Pseudonymisation: Hash Values and a Pinch of Salt
The first official act of the trust centre provides the practices and clinics with the procedure for initial pseudonymisation of the identity data. And this has two stages:
Stage One: Standardisation
At this stage, the first step is to standardise the identity data. For example, Jane Doe-Mayer’s surname would be converted into capital letters and split into two parts: DOE and SMITH.
Stage Two: First Pseudonymisation Step
Standardisation is followed by the first pseudonymisation step through the hash procedure. This is a one-way function: It splits the identifying data and generates strings from them that cannot be reconstituted.

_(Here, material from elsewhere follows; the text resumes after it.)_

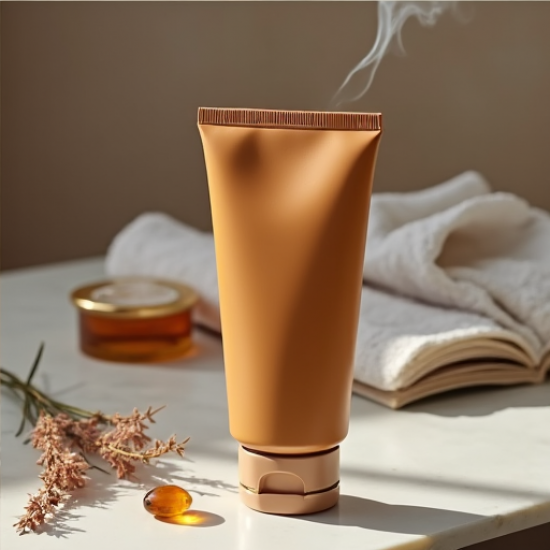 Amber & Patchouli Luxe Hand Cream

Strictly speaking, however, hackers would be able to crack hash values with a certain amount of effort – through long trial and error or with the help of what are called rainbow tables, which criminals normally use to decrypt passwords. They contain countless terms with the matching hash values. For this reason, the hash procedure that the trust centre requires the practices and clinics to use also includes “salt” – a random sequence of characters that cannot be found in any table. The salt is added to the identity data before the hashing process.
Record Linkage and Pseudonym Swapping
The end of the pseudonym of the first pseudonymisation step contains the hash values for all identifying data of a person. Another component is the hash tuple, which is now sent to the trust centre. This is where the record linkage takes place: The TC links the data records from the different sources for one person.
In our example, Jane Doe-Mayer was treated at several clinics and practices. Consequently, several data sets exist for her. The TC assigns them to a single pseudonym.
Phonetics Provides Final Clarity
Normally, this should be easy. That is because, when pseudonymising is done with a hash function, identical source data creates identical hash values. The hash tuple for the identity record of the GP is most likely identical to the one from the local hospital. But what if Jane Doe-Mayer is registered as Jane Doe-Meier at a doctor’s practice and as Jane Doe-Meyer in the third of four clinics visited? On the one hand, there are other hashed identity data for these cases. On the other, phonetic codes of the name components are formed during the first pseudonymisation step along with hash values, which are more robust against typing errors.
The Final Step: the Pseudonym Swap
After linking the records, the trust centre forms a new pseudonym and transmits it to the data sources. The practices and clinics link it with the corresponding medical data and in turn send the packet in encrypted form to the TC, which then performs a pseudonym swap so that the researcher does not use the same pseudonym that the data source has. It is vital that the trust office not be able to decrypt the medical data. However, the research institution receives the medical data with the exchanged pseudonym in the last step. The pseudonym is also used for other medical data packages for the same person. The researcher will therefore have no problems bringing everything together.
Jane Doe-Mayer can then become one of many heroines of medical progress. Even better: an everyday heroine who remains unknown for good reason.